Ingmar Bergman avait pour habitude de mettre en scène ou d’écrire pendant les jours froids et de tourner ses films l’été, invariablement comme une machine bien huilée. Bill Callahan écrit une partie de l’année, et fidèle au poste, il enregistre une fois l’an. C’est son côté bergmanien à lui. Au programme de la cuvée 2001 donc, Smog, ou plutôt (Smog), puisque désormais il s’agit de le nommer ainsi, a mis en boîte Rain on lens, dixième album d’une discographie qui appelle autant de chaudes recommandations que de réelles mises en garde.

Evidemment, on ne suspectera pas Callahan de suivre un plan de carrière, mais il n’est pas bien difficile de relever la cohérence de son propos depuis Knock knock (1999). Virage rock, guitare électrique en bandoulière, grain rugueux, rythmes primesautiers : Rain on lens poursuit cette orientation, à cette différence près que le résultat est plus homogène. Exit Jim O’Rourke ou John McEntire : Callahan a lui-même pris en charge la production et a laissé au placard certains des tics qui pouvaient agacer sur Dongs of sevotion (2000). En particulier, sa façon parfois maniérée de chanter. Callahan, en clinique observateur des bas-fonds de l’espèce humaine, revient à un chant plus sobre, plus distancié. Rain on lens abandonne également les oripeaux de The Doctor came at dawn et Red apple falls que Dongs of sevotion faisait valoir (Easily led, Nineteen) de manière moins convaincante que ses illustres prédécesseurs de 1996 et 1997, pour ne conserver que la rigueur de sa nouvelle orientation : le ton est incisif (Natural decline, Lazy rain), engagé (Keep some steady friends around), militaire même (Song). Dirty pants, avec son cliquetis métallique menaçant, sa guitare sombre et répétitive, ses larsens lugubres (on croirait entendre le couinement d’une porte) l’emporte haut la main : sinistre, le morceau a vite fait d’installer le malaise.

Côté textes, Callahan continue de son oeil scrutateur, à narrer impassiblement les pires atrocités. Ne pas se tromper donc : derrière l’arpège lumineux de guitare et la rythmique folk de Live as if someone is always watching you, derrière la guitare badine et les déhanchements de sax de Revanchism, se cachent toujours les mêmes obsessions. Au nombre desquels, le voyeurisme bien sûr : entre les paroles de Distance sur Dongs of sevotion (« There are women on the street […] If I watched from a high hidden window / I’d hear myself say / Oh I can’t make it out / I’m too far away ») et Song (« I’m a bit like the peephole / That falls in love with all the eyes ») ou Lazy rain (« I open the door quietly / So as not to wake / The blue-eyed wedding cake / But she’s watching me with one eye / The sleepy little spy ») sur Rain on lens, on ne voit guère l’évolution. On notera pourtant la lueur d’espoir que laisse paraître Keep some steady friends around : « When you want to get away / Find a little place to go […] But don’t stay away too long / Because we love you too much […] To build your own house / Might be the best […] But don’t forget to put in a gate / So you can have some steady friends come around ». Ouf !

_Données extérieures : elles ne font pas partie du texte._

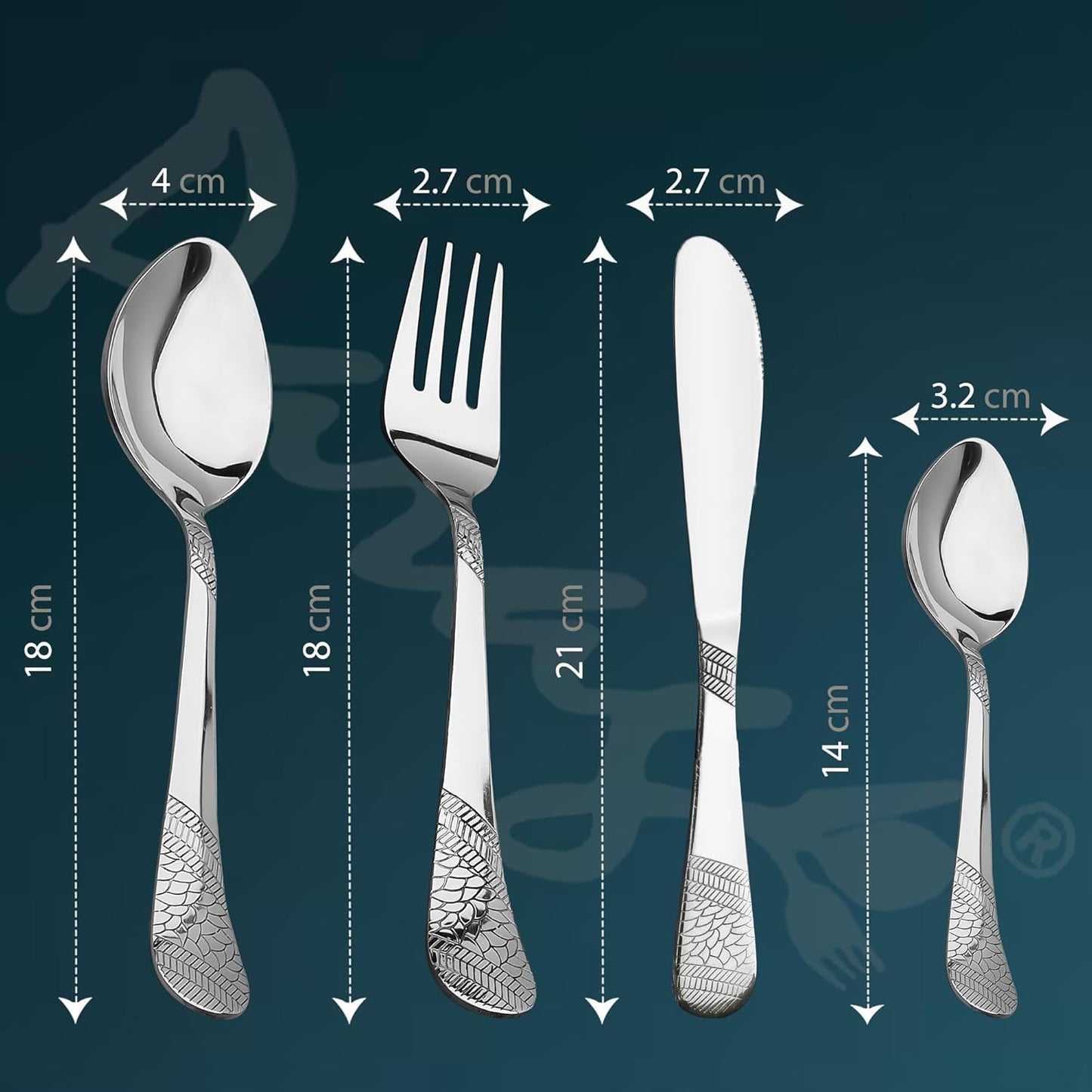 25 Pieces Stainless Steel Imperial Cutlery Set with Wooden Hanging Stand – Includes 6 Tea Spoons, 6 Table Spoons, 6 Table Forks, 6 Knives, Stylish Dining Set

En dépit de ses richesses, Rain on lens n’est pas un album surprenant. Ce qui, paradoxalement, devient aujourd’hui un signe parmi d’autres de sa grandeur. Car au fil des ans, l’œuvre musicale de (Smog), en s’opacifiant toujours plus, a atteint un degré de personnification tel que l’on cherchera en vain à la rapprocher d’autres discographies. La musique de (Smog), plutôt qu’un système clos sur lui-même, autoréférentiel, tourne le dos aux modes de ses contemporains. L’inscription urbaine de sa musique lui confère bien une saveur velvetienne, aisément palpable sur Natural decline, mais une fois dit cela, il reste tout à dire. Et si Callahan, assis sur son nuage, daigne engager la conversation avec l’un de ses pairs, ce n’est qu’avec l’un des plus grands d’entre eux : Leonard Cohen (sur Song, Callahan chante : « I’m a bit like a soldier / In the way I wear no uniform / And choose not to fight » ; sur Last year’s man, Cohen chantait :  » And though I wear a uniform I was not born to fight »). Rain on lens, comme le Ease down the road de son compère Bonny ‘Prince’ Billy, est un classique, flottant au-dessus de la mêlasse. Rien ne surprend, mais tout le rend indispensable.